* [Exercise directions]:
Given the listing below, write out exactly the lines starting with the line that has "410 Plantation Way - Photo 1" and going on through the line that has "Magaschoni Light Gray Ribbed High-Neck Tunic", both kept.
━━ Dataset extract
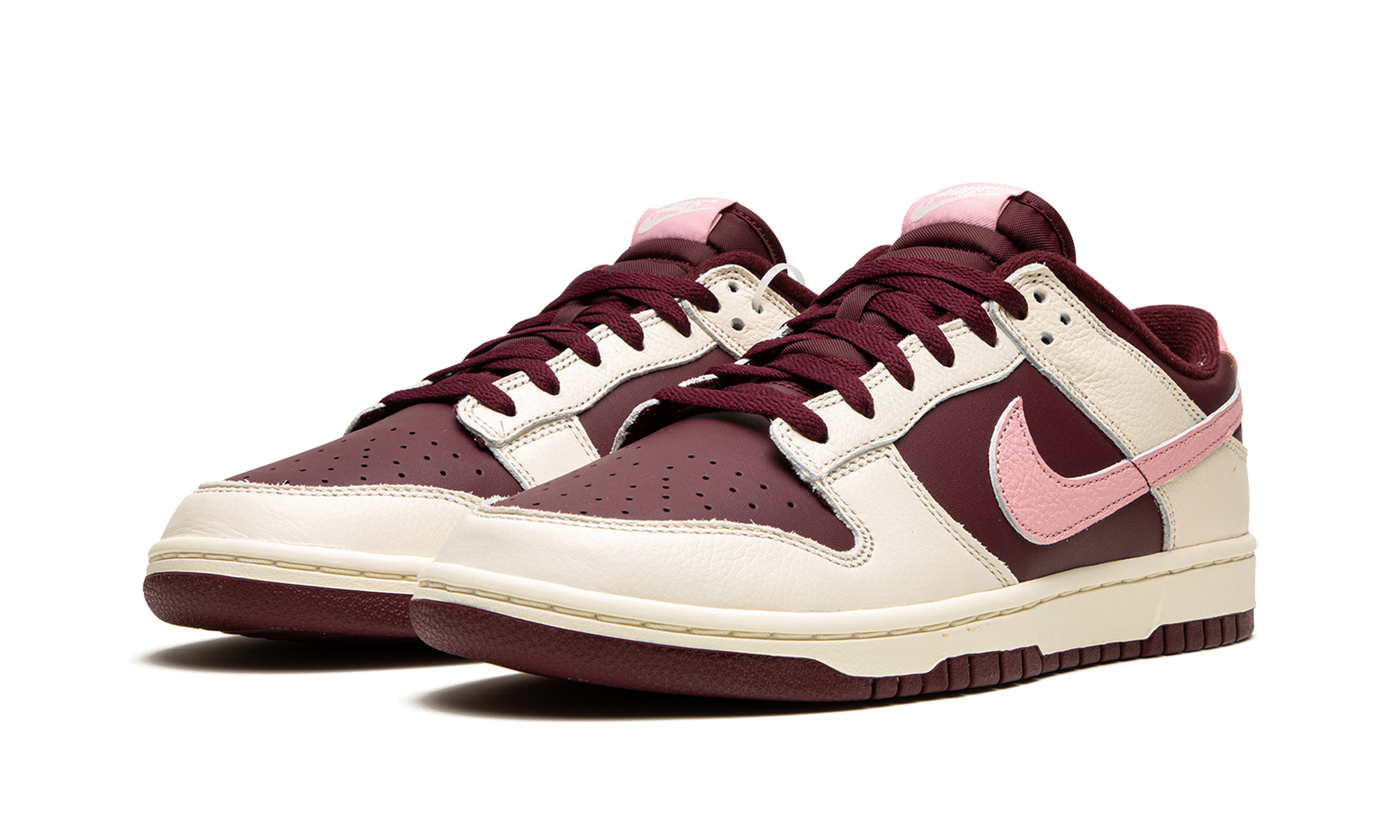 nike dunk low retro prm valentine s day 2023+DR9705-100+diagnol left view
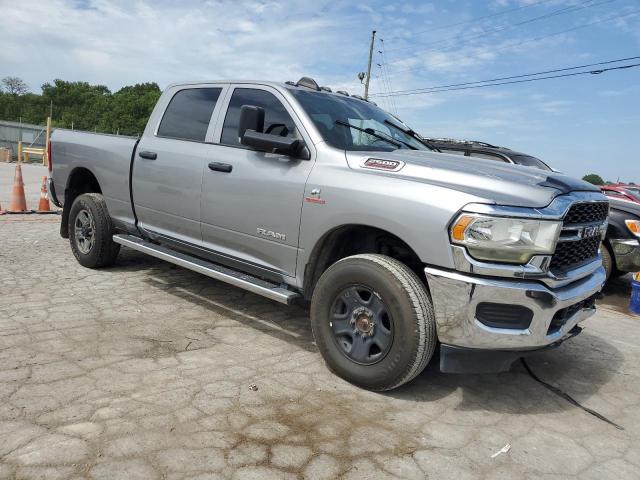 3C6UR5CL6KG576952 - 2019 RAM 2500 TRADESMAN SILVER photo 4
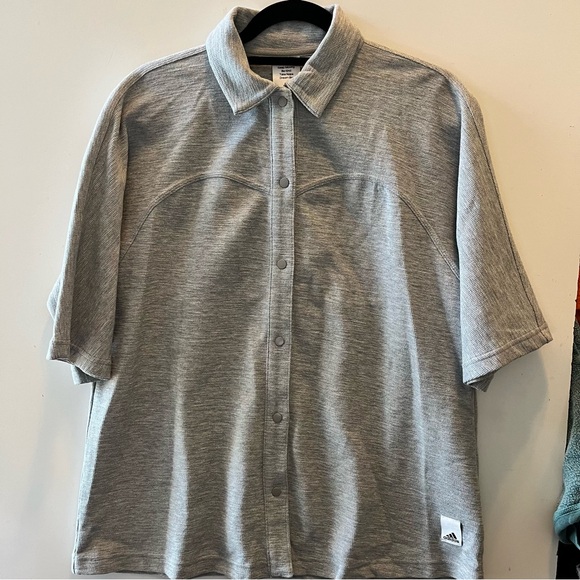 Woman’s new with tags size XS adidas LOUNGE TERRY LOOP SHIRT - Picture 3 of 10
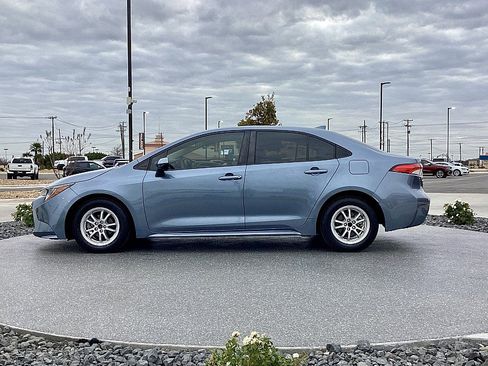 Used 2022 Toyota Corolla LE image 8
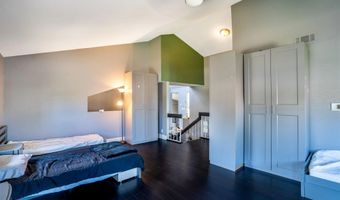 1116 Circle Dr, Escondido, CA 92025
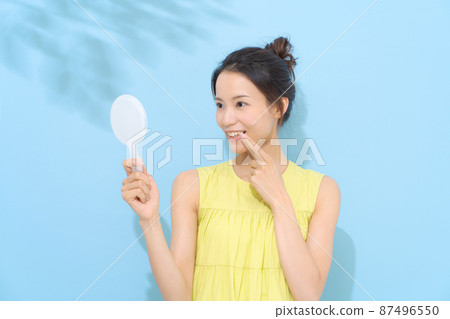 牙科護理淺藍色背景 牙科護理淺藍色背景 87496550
━━━━
━━ Dataset extract
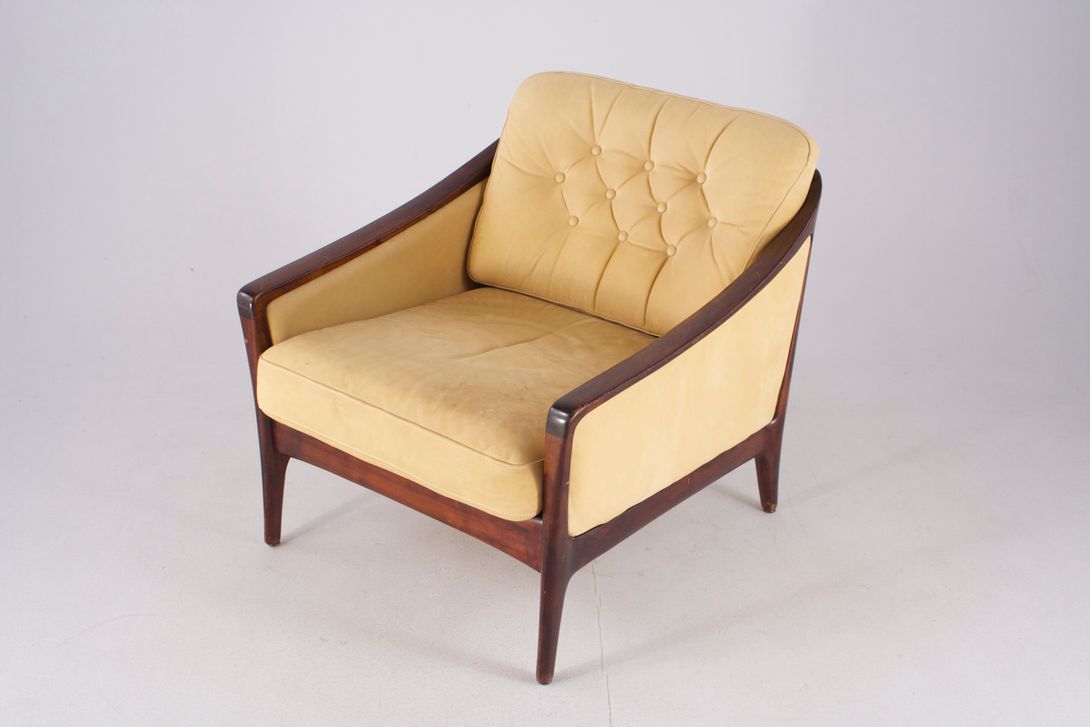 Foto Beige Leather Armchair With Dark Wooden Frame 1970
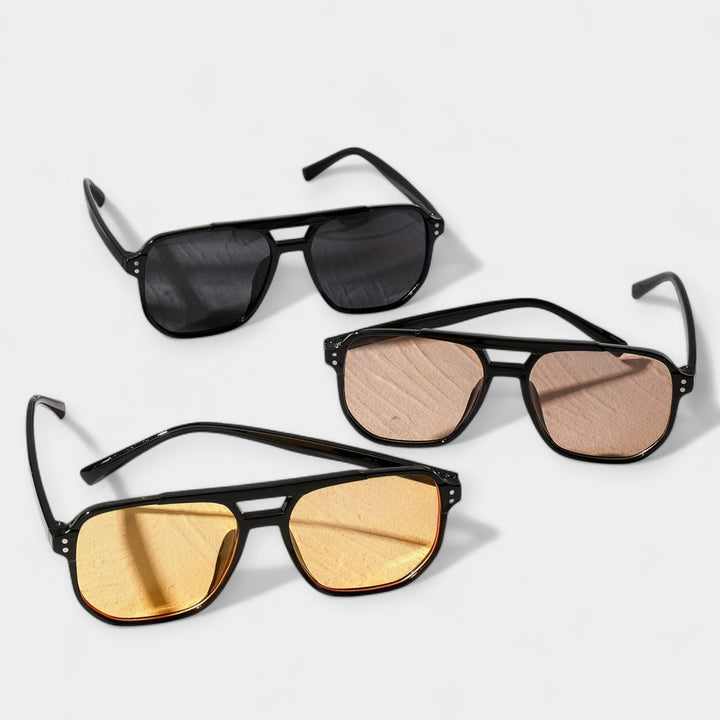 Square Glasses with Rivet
━━━━
━━ Dataset extract
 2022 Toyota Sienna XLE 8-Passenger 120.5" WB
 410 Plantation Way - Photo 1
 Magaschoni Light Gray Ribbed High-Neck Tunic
━━━━
* [Answer section]:
 410 Plantation Way - Photo 1
 Magaschoni Light Gray Ribbed High-Neck Tunic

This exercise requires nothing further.